EXERCISE OBJECTIVE — Return exactly the lines from the "Apartamento T4 de" line through the last line of the entries below. Include no pictures.

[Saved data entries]

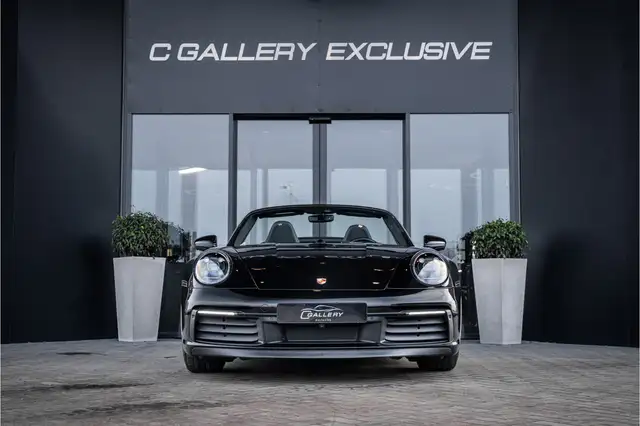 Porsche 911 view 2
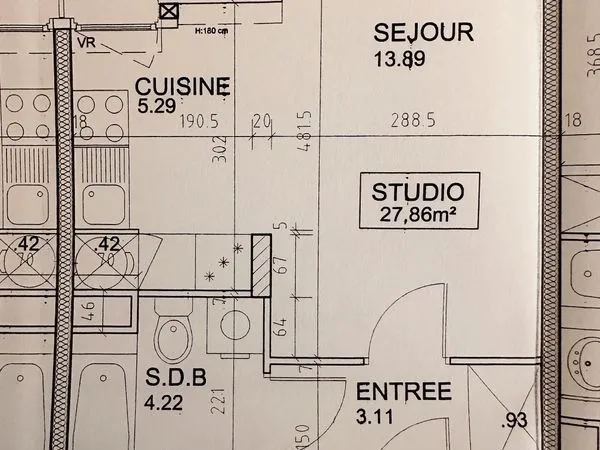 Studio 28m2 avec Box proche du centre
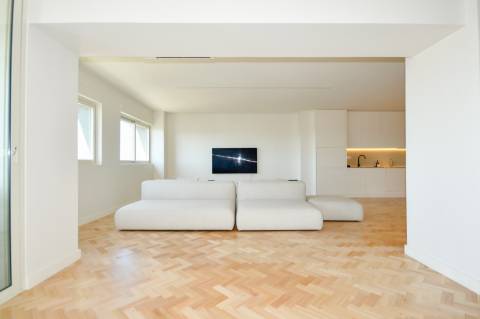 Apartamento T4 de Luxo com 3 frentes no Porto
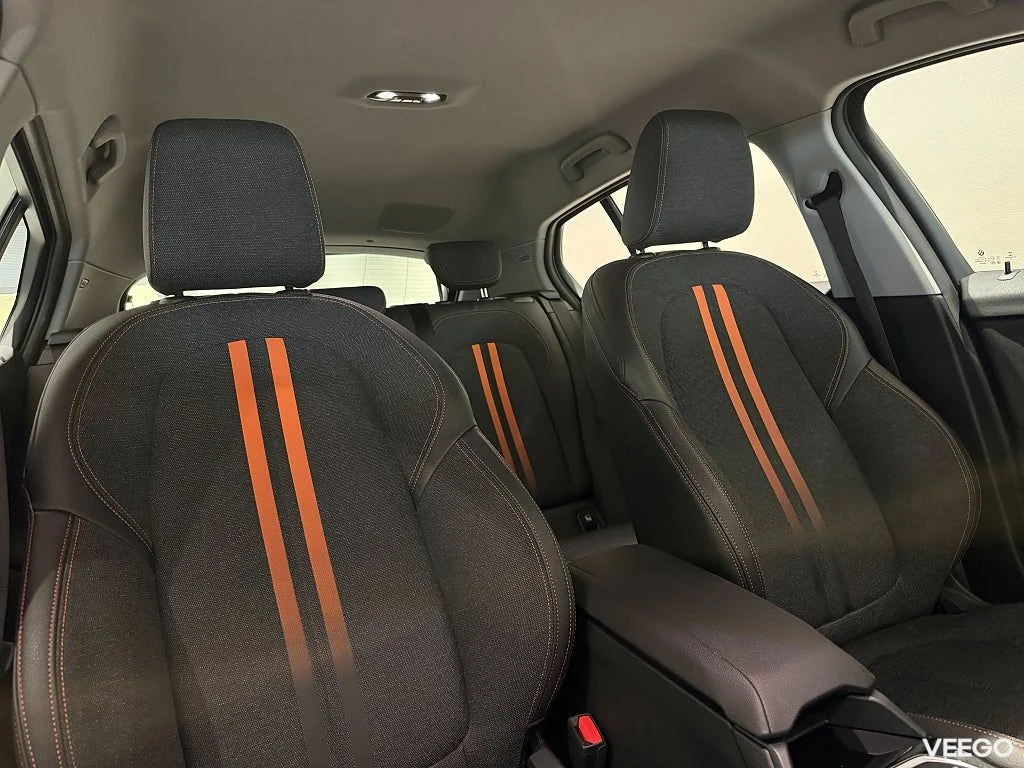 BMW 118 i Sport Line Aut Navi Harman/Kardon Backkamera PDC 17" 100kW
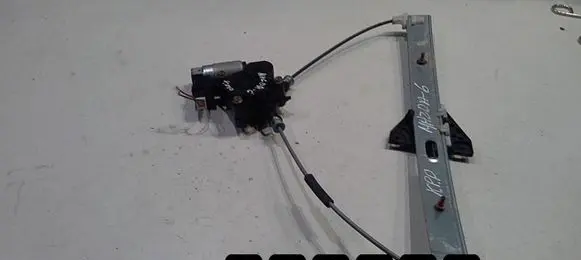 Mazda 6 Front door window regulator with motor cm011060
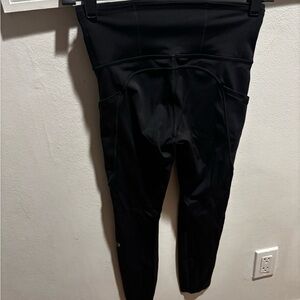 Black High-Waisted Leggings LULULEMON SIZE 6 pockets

TASK SOLUTION —
 Apartamento T4 de Luxo com 3 frentes no Porto
 BMW 118 i Sport Line Aut Navi Harman/Kardon Backkamera PDC 17" 100kW
 Mazda 6 Front door window regulator with motor cm011060
 Black High-Waisted Leggings LULULEMON SIZE 6 pockets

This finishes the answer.